__Exercise__: Return each of the entries below precisely, with no pictures in the result.

[Short web captions]
·····

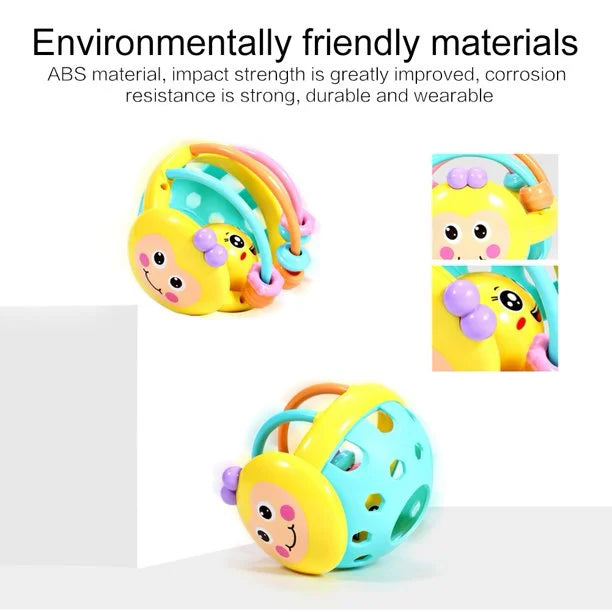 Sensory Silicone Teether Toy for Babies F41011
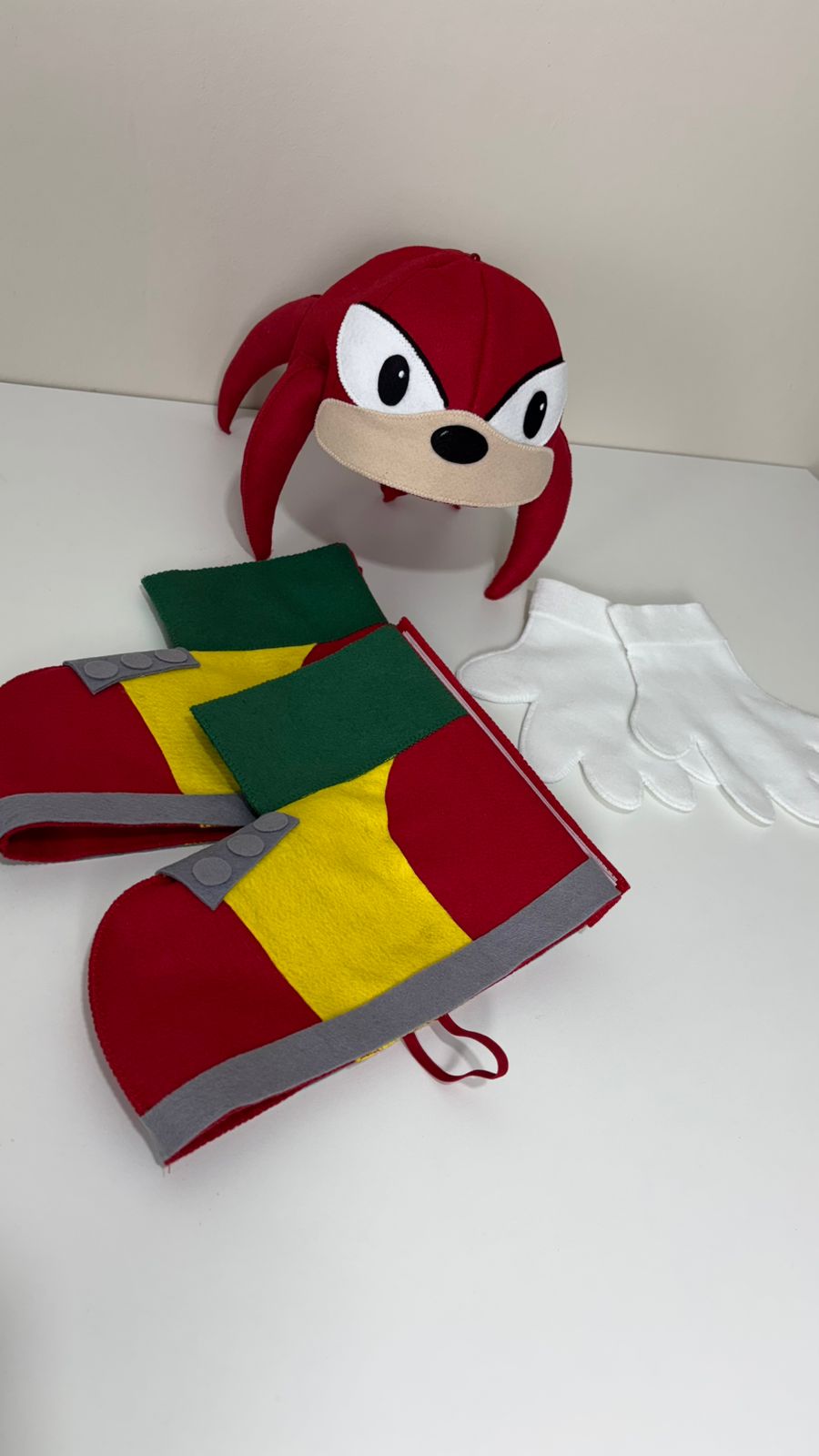 Molde Digital - Kit completo Knuckles + Luva de brinde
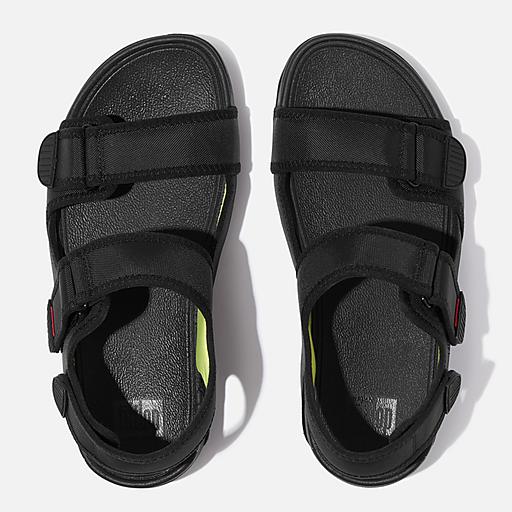 Nike sandals with backstrap on sale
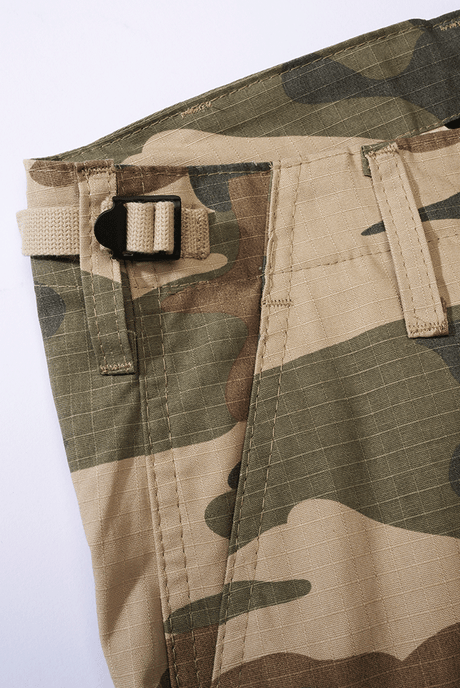 Women BDU Ripstop Pants light woodland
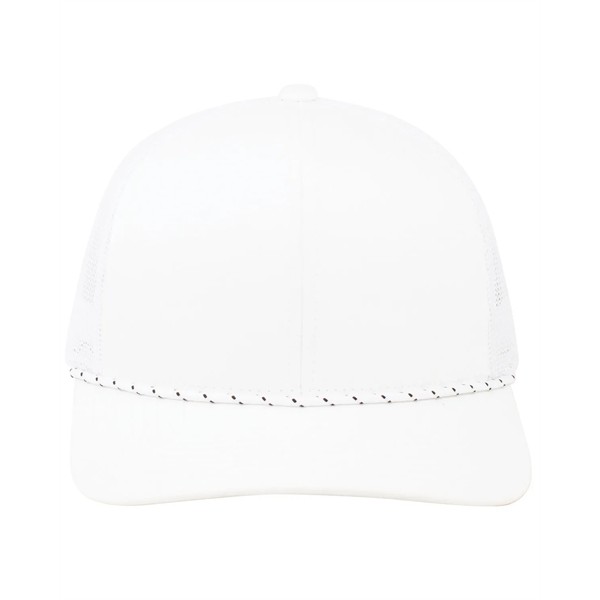 Pacific Headwear Trucker Snapback Braid Cap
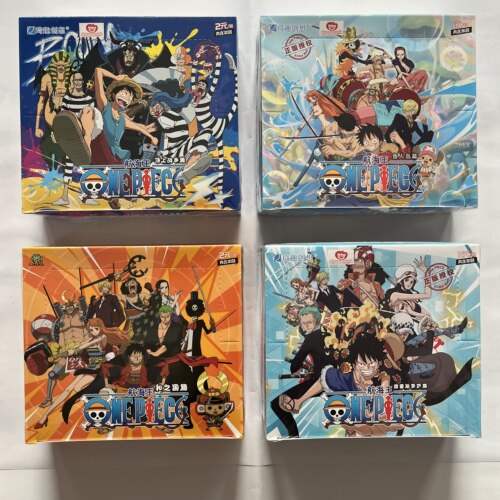 正版琦趣创想动漫海贼王卡牌周边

·····

__Result of the task__:
 Sensory Silicone Teether Toy for Babies F41011
 Molde Digital - Kit completo Knuckles + Luva de brinde
 Nike sandals with backstrap on sale
 Women BDU Ripstop Pants light woodland
 Pacific Headwear Trucker Snapback Braid Cap
 正版琦趣创想动漫海贼王卡牌周边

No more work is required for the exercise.